* Task details: The line with "Bentley Flying Spur 2024 из KR, фото 1" marks the first line to copy, and the line with "BAOBAB COLLECTION MAX" marks the last. Transcribe that stretch of the data below exactly, without pictures.
Data under study Block Start
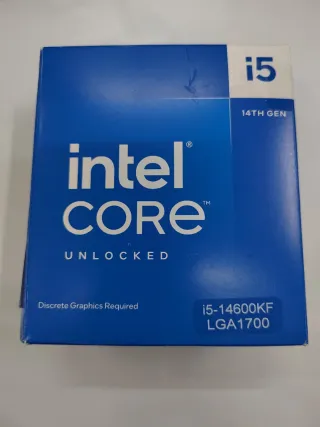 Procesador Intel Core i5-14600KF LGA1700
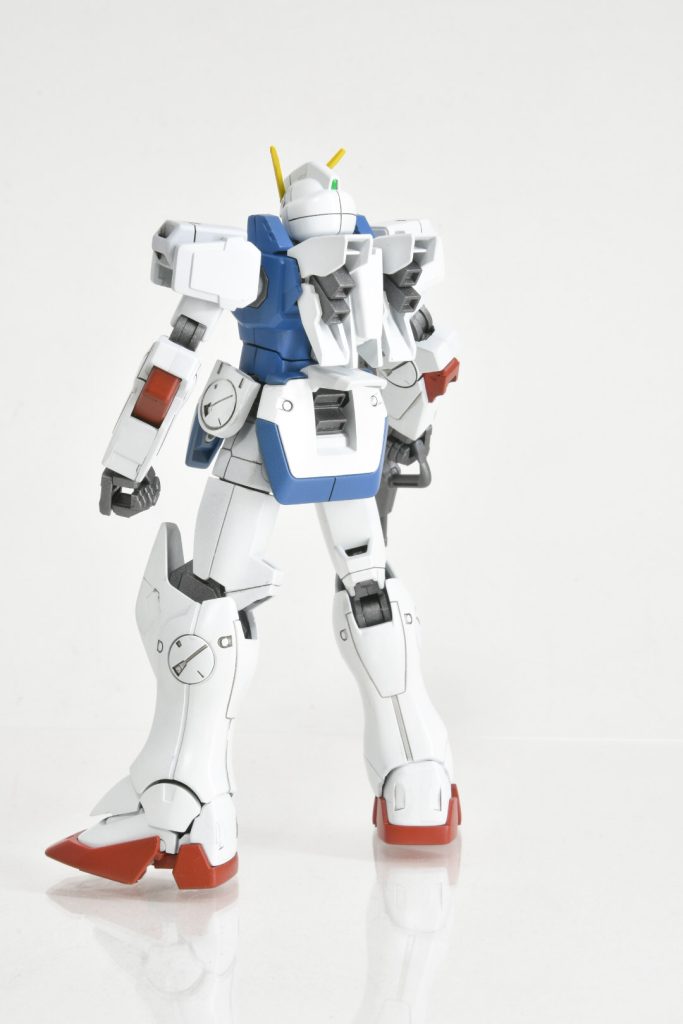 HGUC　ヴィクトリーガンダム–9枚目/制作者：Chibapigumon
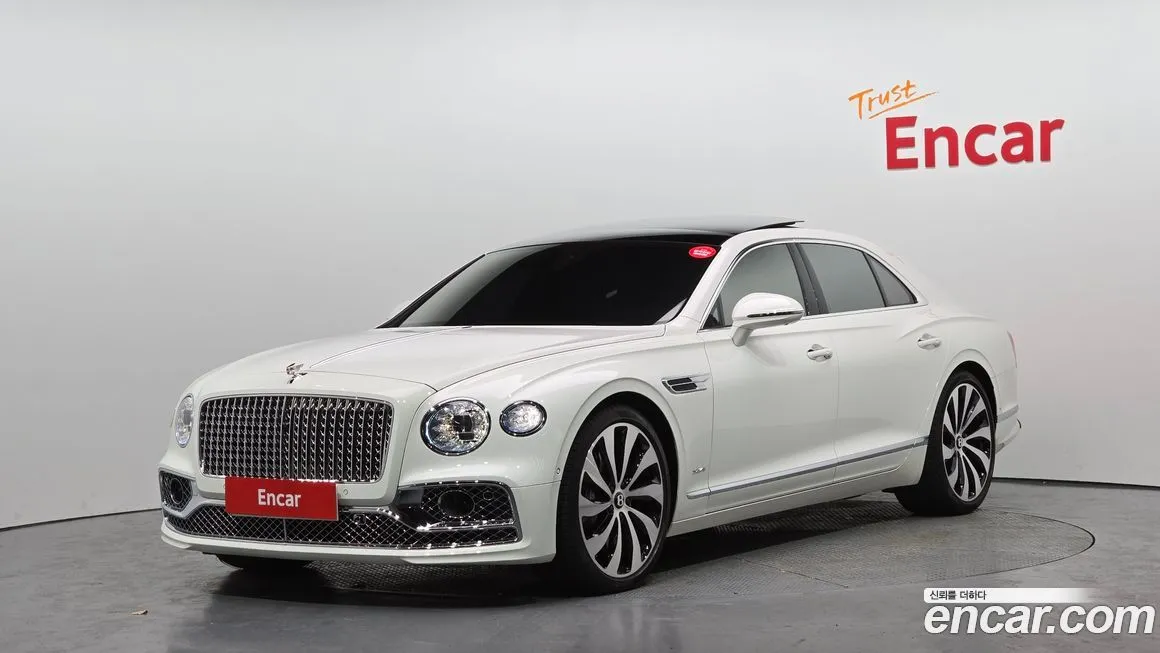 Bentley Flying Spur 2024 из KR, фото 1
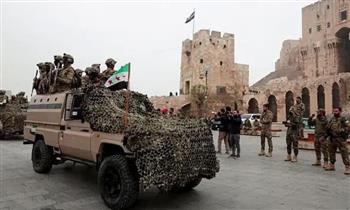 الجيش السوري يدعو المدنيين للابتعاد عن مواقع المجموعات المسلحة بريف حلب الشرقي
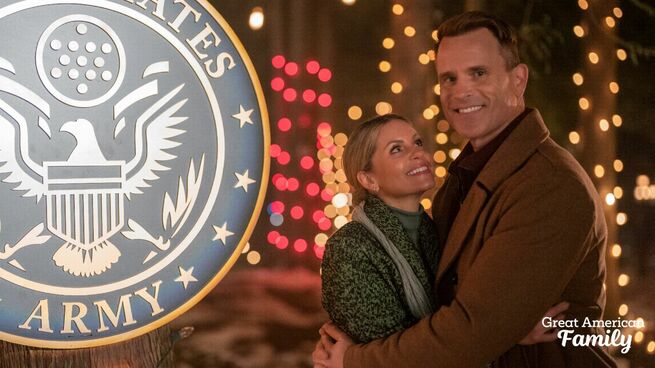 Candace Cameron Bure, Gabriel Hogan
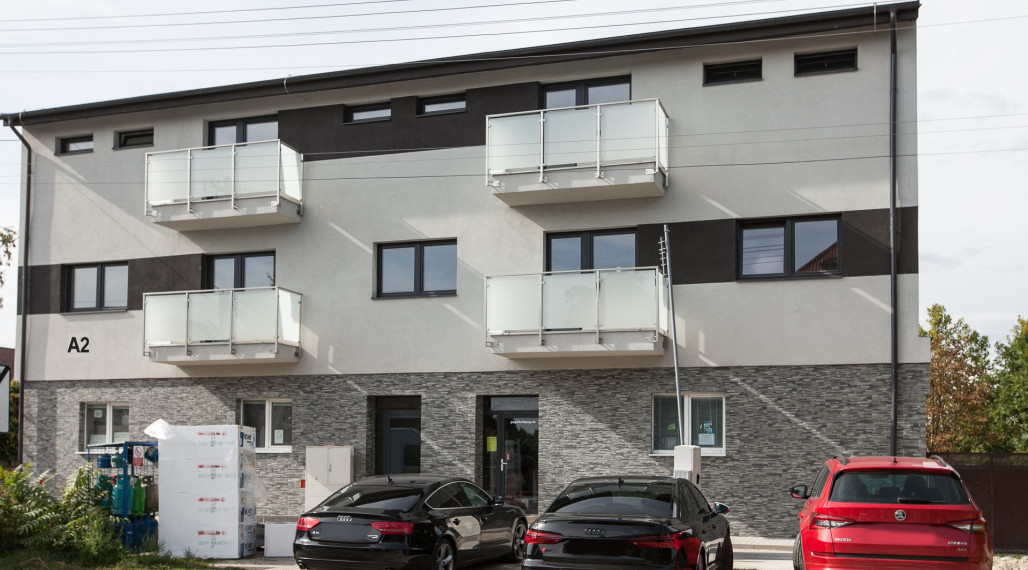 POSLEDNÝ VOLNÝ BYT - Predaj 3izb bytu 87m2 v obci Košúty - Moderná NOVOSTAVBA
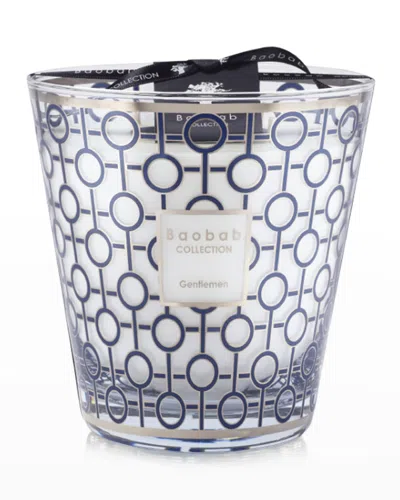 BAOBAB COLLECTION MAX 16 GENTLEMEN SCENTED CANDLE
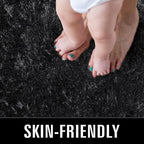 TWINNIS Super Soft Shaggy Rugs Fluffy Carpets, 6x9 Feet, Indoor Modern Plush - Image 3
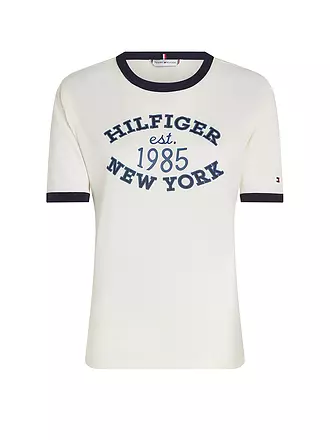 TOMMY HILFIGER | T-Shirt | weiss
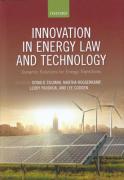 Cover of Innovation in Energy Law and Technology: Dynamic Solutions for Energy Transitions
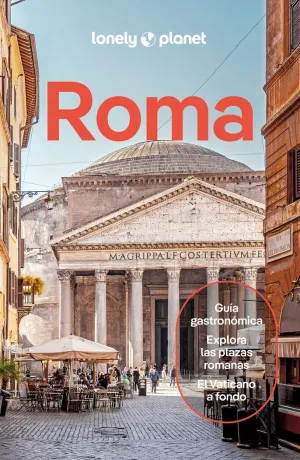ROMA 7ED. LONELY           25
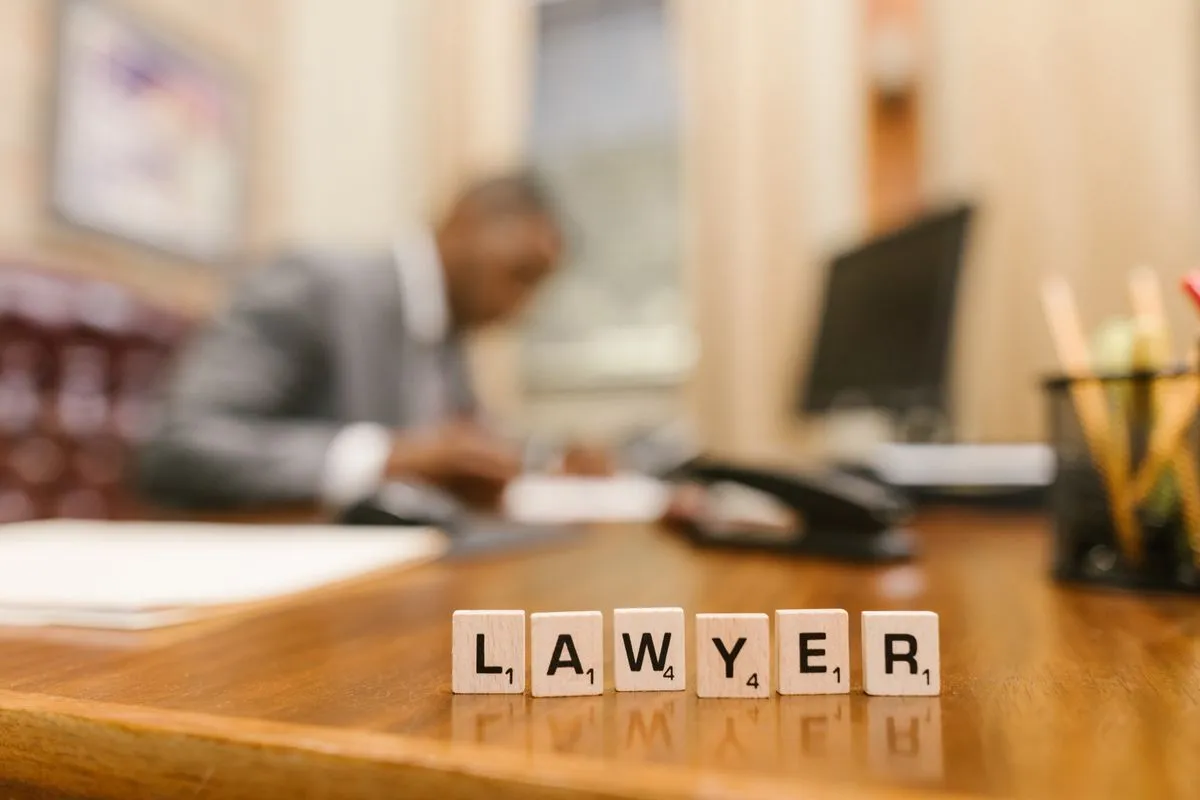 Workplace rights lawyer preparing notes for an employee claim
Data under study Block End
Data under study Block Start
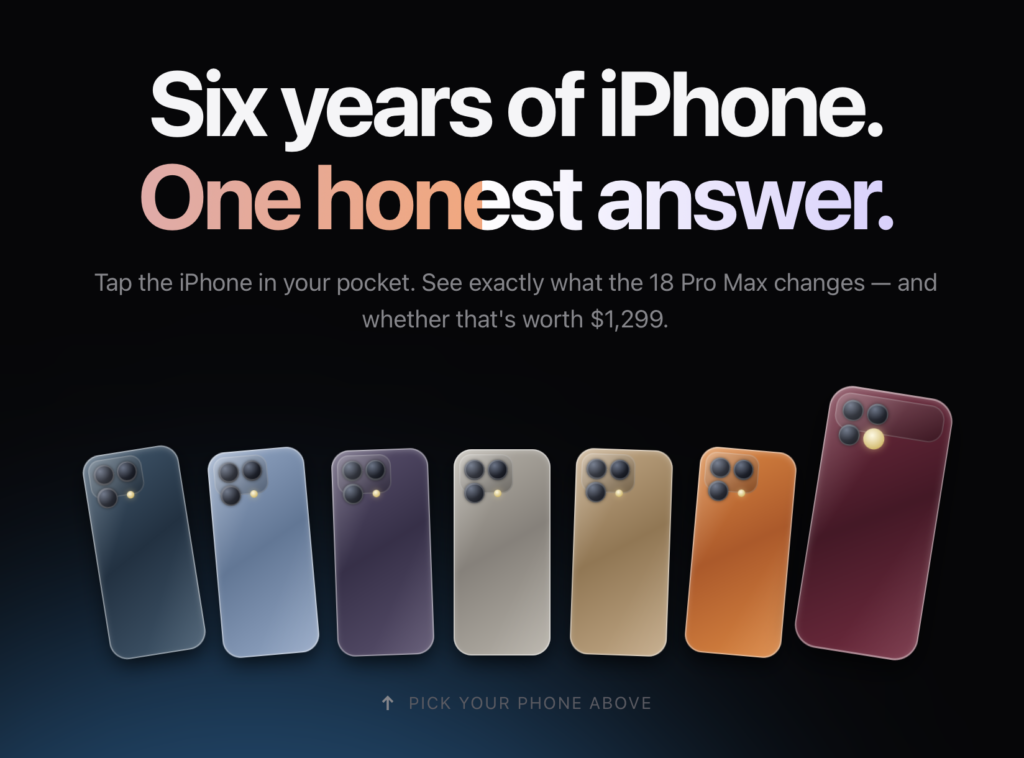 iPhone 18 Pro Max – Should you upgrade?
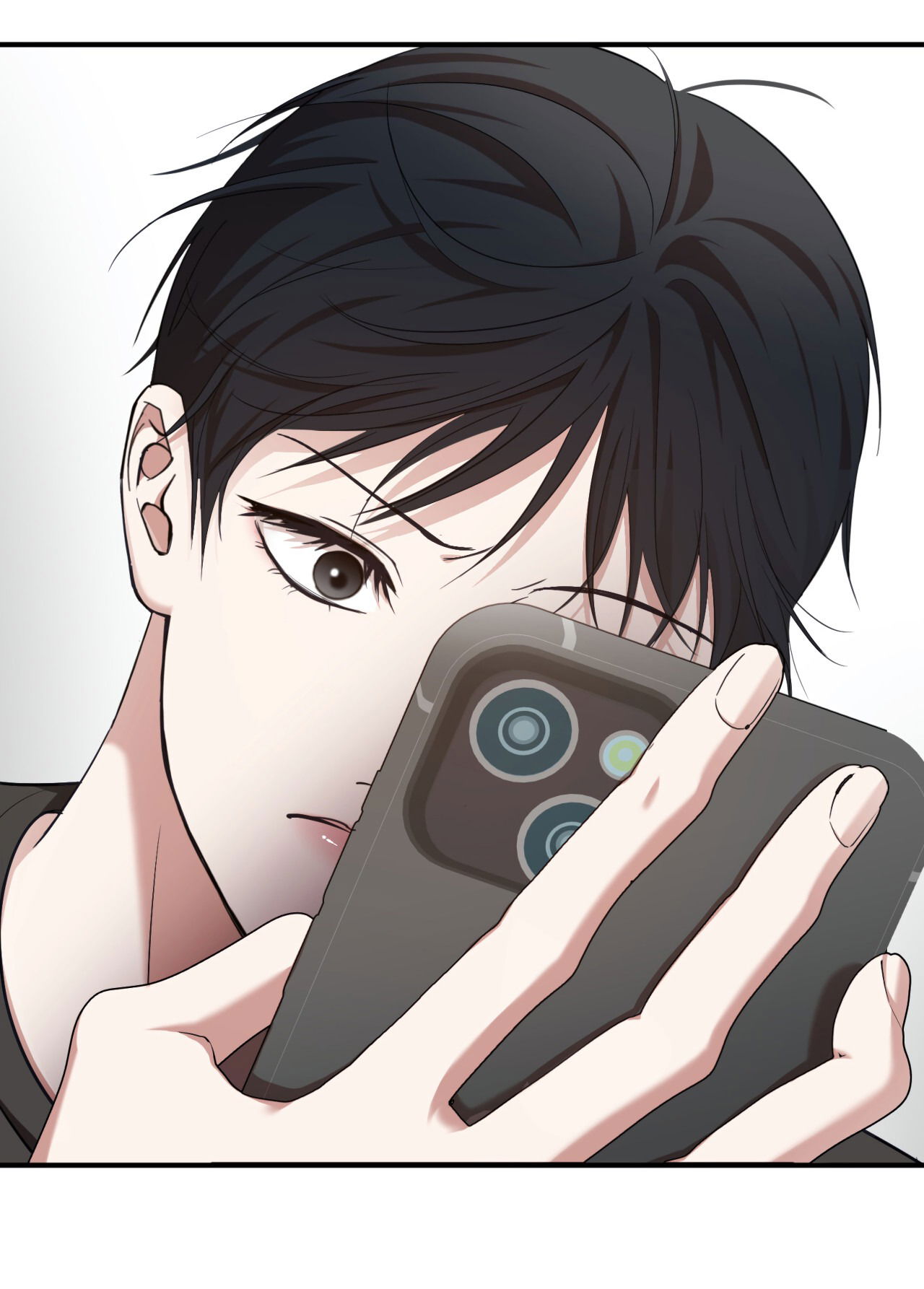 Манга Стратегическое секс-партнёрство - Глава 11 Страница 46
Data under study Block End
* Task response:
 Bentley Flying Spur 2024 из KR, фото 1
 الجيش السوري يدعو المدنيين للابتعاد عن مواقع المجموعات المسلحة بريف حلب الشرقي
 Candace Cameron Bure, Gabriel Hogan
 POSLEDNÝ VOLNÝ BYT - Predaj 3izb bytu 87m2 v obci Košúty - Moderná NOVOSTAVBA
 BAOBAB COLLECTION MAX 16 GENTLEMEN SCENTED CANDLE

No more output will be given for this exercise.